Task details. Repeat the lines from the one containing "Deep Ellum Apartment" through the end of the listing exactly, both ends included. Do not carry over any pictures.

Provided data.
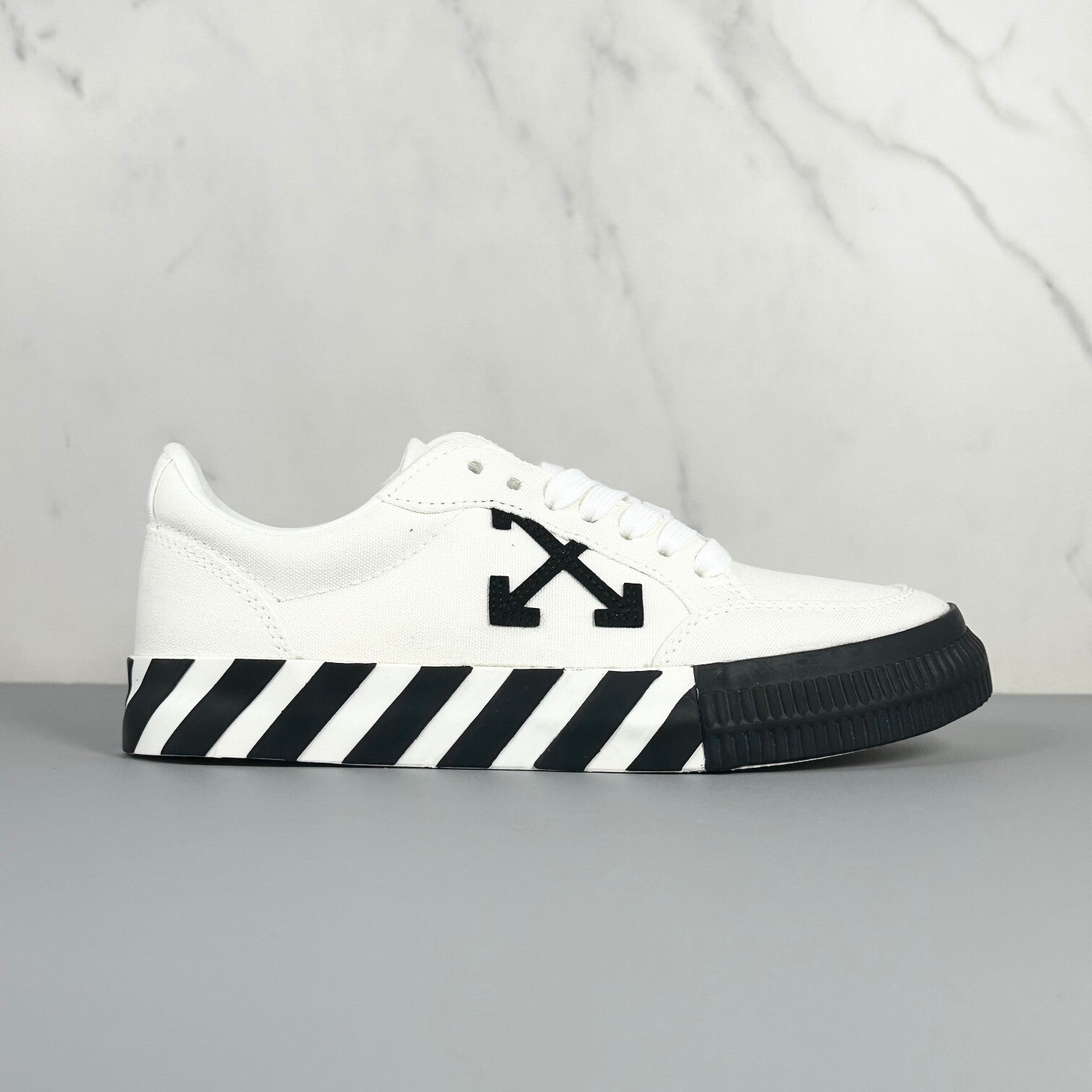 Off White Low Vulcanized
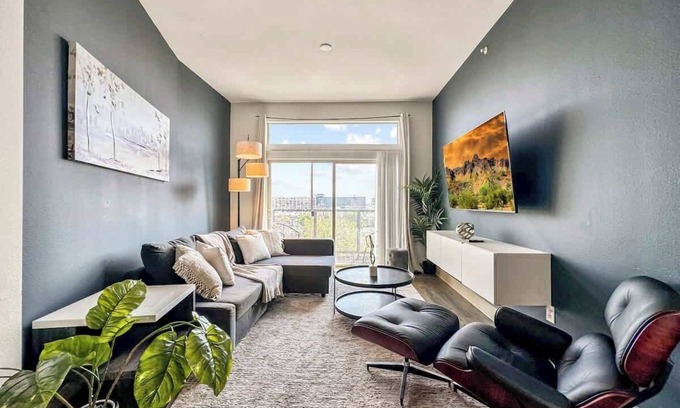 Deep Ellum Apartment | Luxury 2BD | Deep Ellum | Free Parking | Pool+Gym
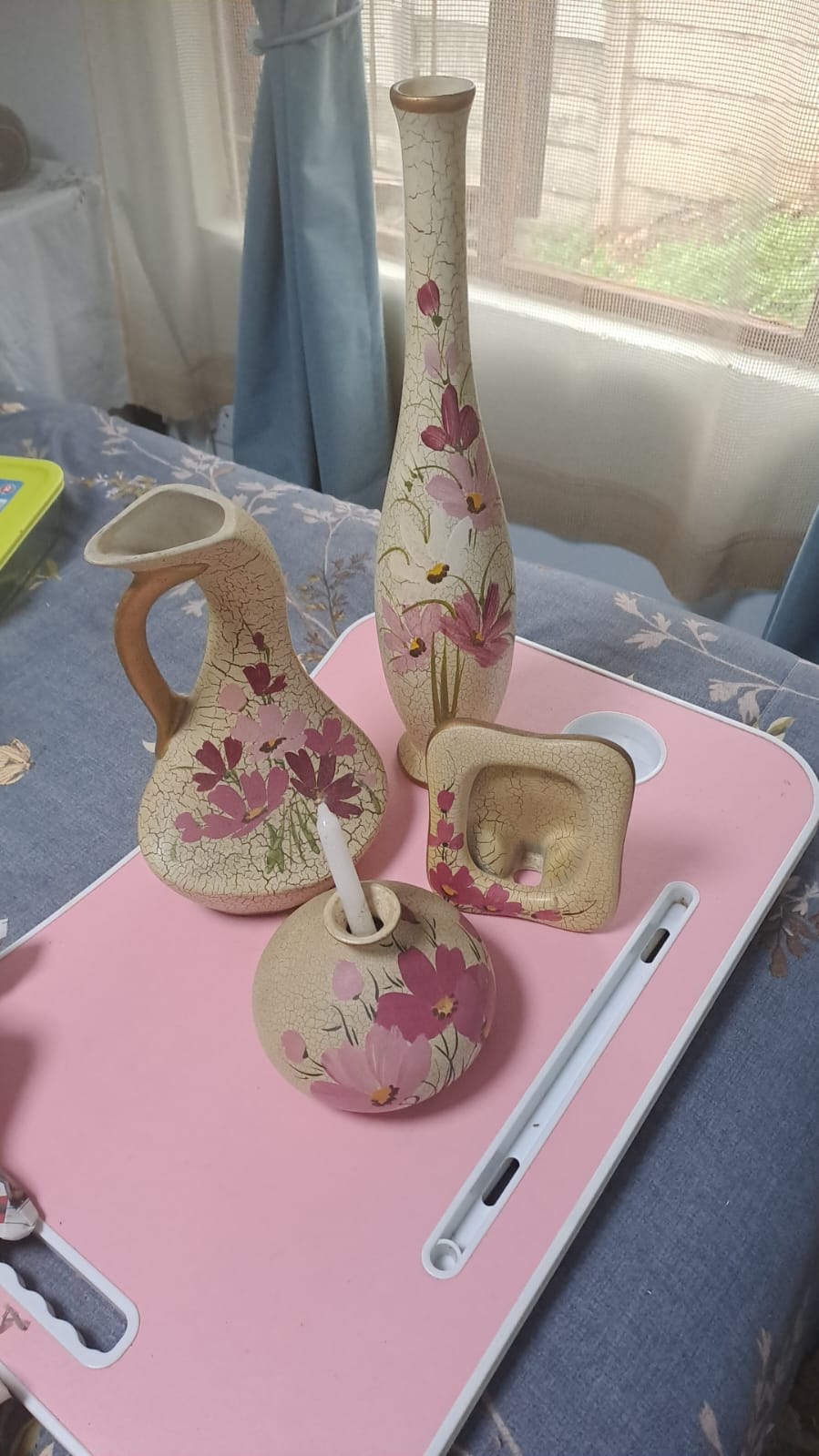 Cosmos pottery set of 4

Response below.
 Deep Ellum Apartment | Luxury 2BD | Deep Ellum | Free Parking | Pool+Gym
 Cosmos pottery set of 4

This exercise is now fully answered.